*Description of the task*:
Pictures aside, quote the whole listing exactly.

*Source data*:
__________________________________________________

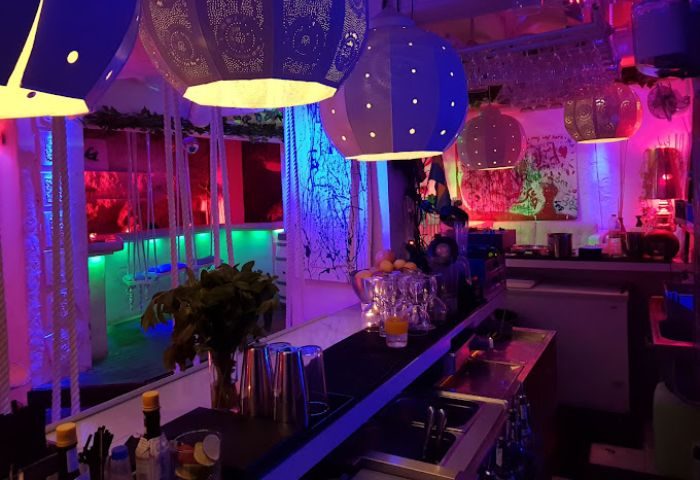 Interior of a vibrant gay bar in Ibiza. Colorful lights, hanging lamps, and a well-stocked bar create a fun, welcoming atmosphere. Gay travel.
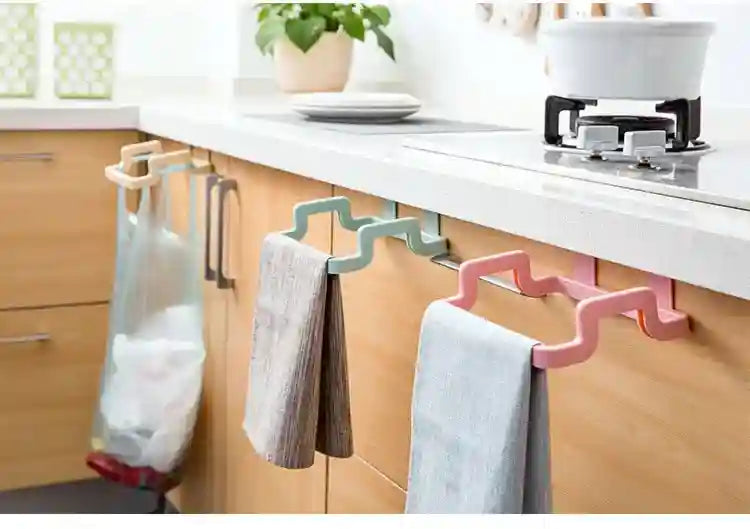 Multifunctional kitchen rack with various attachments on a kitchen counter.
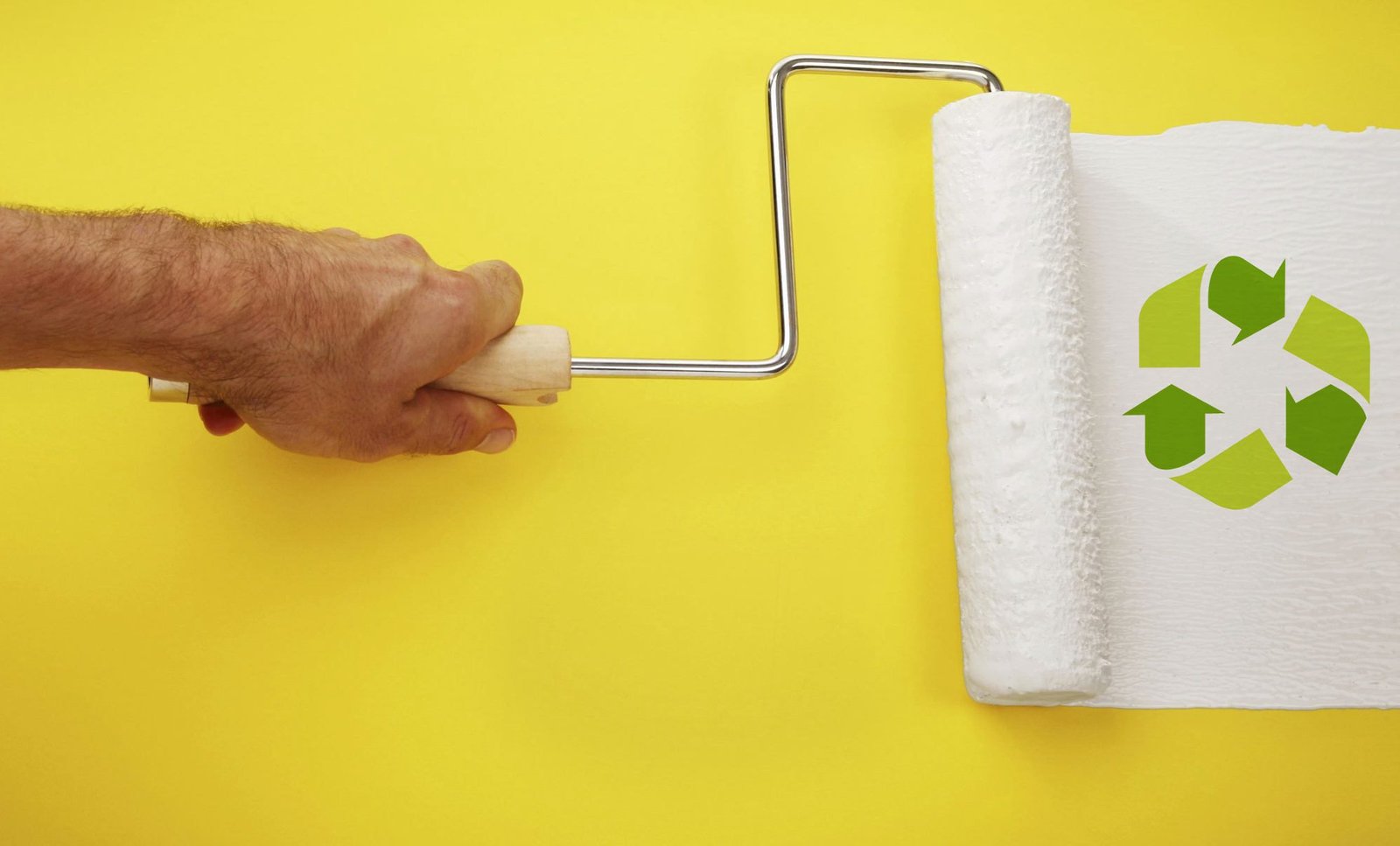 Rodillo pintando símbolo de reciclaje sobre fondo amarillo.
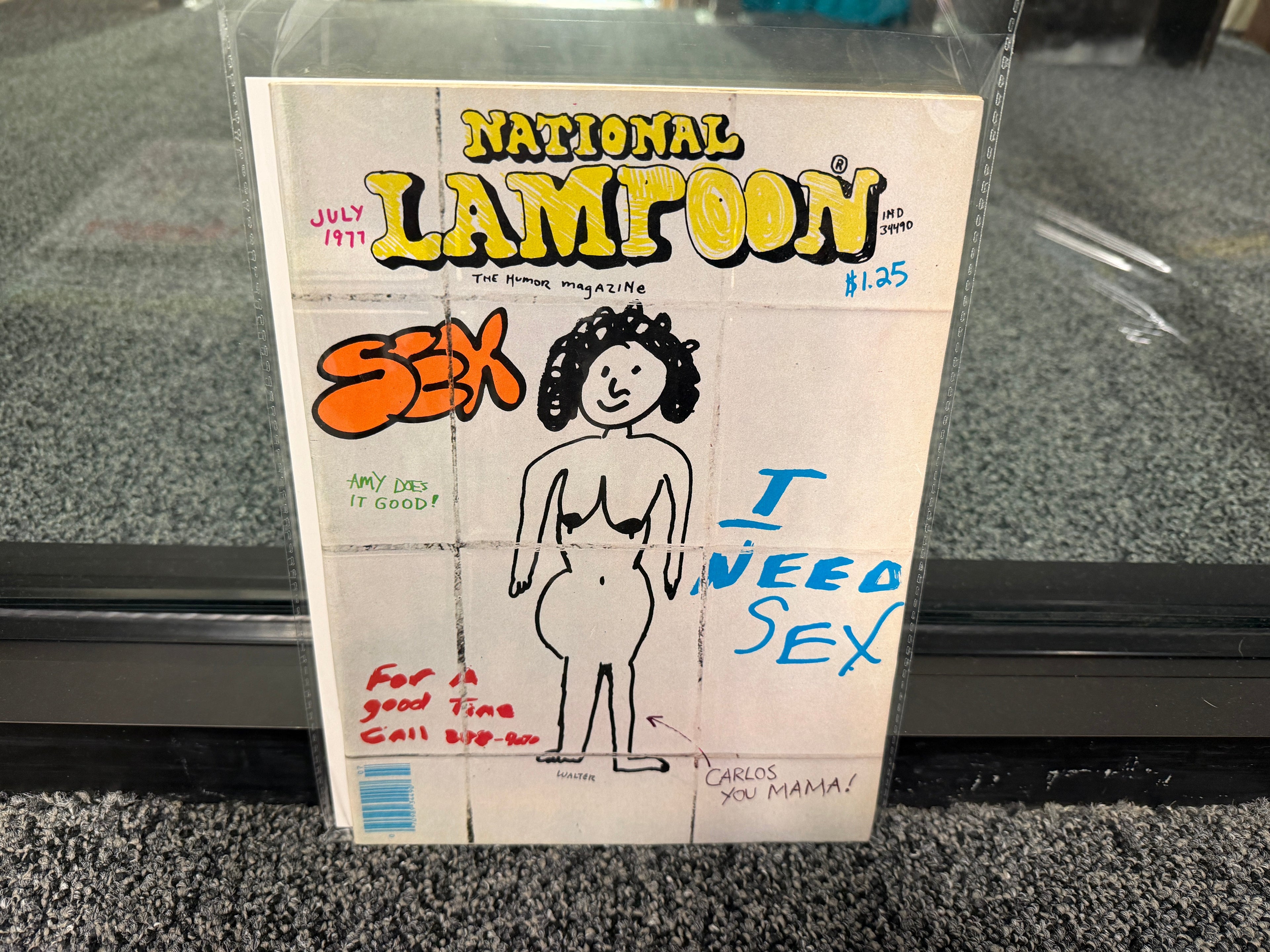 National Lampoon July 1977 Sex Issue cover with bathroom wall graffiti signed by Walter Minus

__________________________________________________

*Answer to the problem*:
 Interior of a vibrant gay bar in Ibiza. Colorful lights, hanging lamps, and a well-stocked bar create a fun, welcoming atmosphere. Gay travel.
 Multifunctional kitchen rack with various attachments on a kitchen counter.
 Rodillo pintando símbolo de reciclaje sobre fondo amarillo.
 National Lampoon July 1977 Sex Issue cover with bathroom wall graffiti signed by Walter Minus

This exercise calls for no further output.